子供を取り返そうとクリーパーの集団が基地に押し寄せて来る。ケネスは一番デカいのがマザーだからそいつに狙いを定めて撃とうとするが、クリーパー側は数十匹が一かたまりになってマザーに見せかけるので見分けがつかない。敵もさるものだ、

ミッキーたちは、研究員が開発したクリーパーの言語を翻訳する装置でマザーと会話を試みる。マザーは、生け捕りの仲間を返して、なおかつ一匹が死んだので誰か一人が死ぬ事を条件に引き揚げると約束する。
翻訳機の存在はちょっとご都合主義。まあクリーパーと意思疎通が出来なければ話が進まないので仕方ないか。

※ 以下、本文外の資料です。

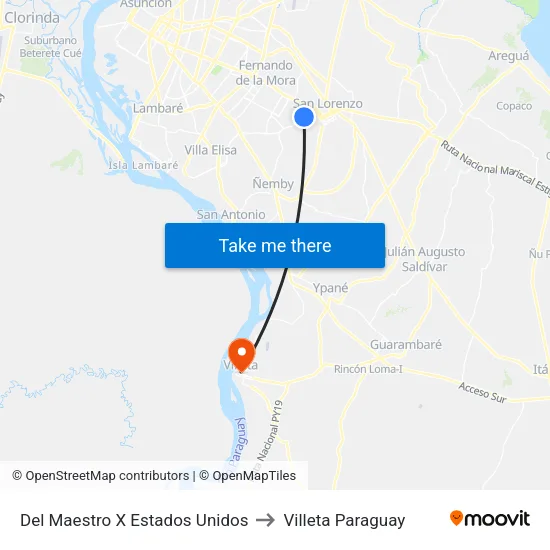 Del Maestro X Estados Unidos to Villeta Paraguay map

巨大クリーパーの姿や、子供を返す事でその怒りを鎮めようとする終盤の流れは、「風の谷のナウシカ」の王蟲とそのラスト・シークェンスそっくりだ。
ポン監督自身も「風の谷のナウシカ」にヒントを得た事は認めている。そう言えば「オクジャ Okja」でも、少女が仰向けに寝ているオクジャの腹に乗っている「となりのトトロ」とそっくりなシーンがあった。

最後は18が、ケネスを道連れに自爆して物語の決着をつける。使い捨て人間にだって、正義の為に身を犠牲にする意地は持っているのだ、という18の心意気にはちょっと感動した。


振り返れば、本作には現在の世界が抱えるさまざまな社会的テーマが巧みに張り巡らされている。一部の人間に富が集中し、多くの人間が貧困にあえぐ格差社会の現状と怒りは、本作のみならず多くのポン・ジュノ監督作品にも共通するテーマだし、大衆を扇動する支配者が権力を持つ事の危なさ大国による少数民族への迫害など、いくつもテーマが思い当たる。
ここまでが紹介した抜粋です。